AI, Robots, and fantastical creatures are commonly encounters and should inspire wonder, awe, and fear.
Reader Tone
Noble Light Gray or maybe Noble Silver would be a better way to put it. People have to work for what they have, and life isn’t always easy, but there is always hope because people really can make a difference even at the scale of the galaxy.
Recurring Themes
1. Diversity is the cornerstone of our strength. I want the story to show this not only through a diverse cast, but by pointing out the diversity of opinion and talent we possess within.
2. No one is an island. Everything is interconnected from the largest scale to the smallest.
3. Hopelessness is a lack of Imagination. Sometimes the powers that be work to limit the options we can imagine so we cannot dream of a world without them.
Character Agency
Stories should vary from the intimate and small to the grand and epic.

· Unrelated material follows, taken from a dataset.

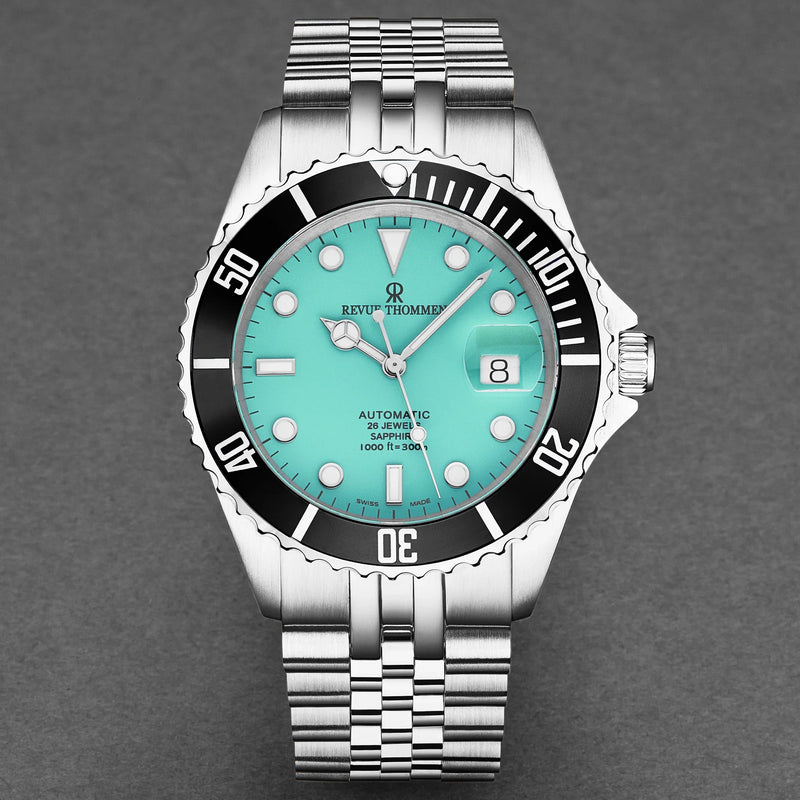 Revue Thommen Men's Diver Stainless Steel Green Automatic Watch 17571.2231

The is a world of heroes, if that is what the characters want to be.
Focus
Culture Influence: The cultivators develop themselves and others to be better, often through combat either in competitions, sparing, or duels.
Military Influence: The Pathfinder Legion appears to be a military organization, but they define the marshall capability as self-defence. When pushed on, will they succumb to militarism or stay true to their moral vision of the universe.
Technology Influence: Technology is an augmentation not a replacement for responsibility or judgement. When it becomes something more than that is has developed into something more than technology. With the discovery of the Vahn, this idea will be put to the test.
Government Presence: In the vacuum created by the loss of the An-sarra, chaos took hold. Some reacted with authoritarianism, but not everyone.
Rule Of Law: Who has the right to enforce their laws in the barrens of space.
Drama
The Pharos seized control of most of the hyperspace jump gates in the wake of the fall of the An-sarra and have become a despotic stateless master of the galaxy.
The Firinn have fallen and the galactic underworld is roiling with strife as other houses seek to take control.
The Suran have set out to build themselves an empire with no care for the suffering they cause in others.
The Aerisians launch the first ships they contributed to the Pathfinder Legion. They seek to prove themselves.
Rumors circulate that the Thalassans survived the chaos after the Dark Nova and have secretly rebuilt their fleets to take back the empire they lost.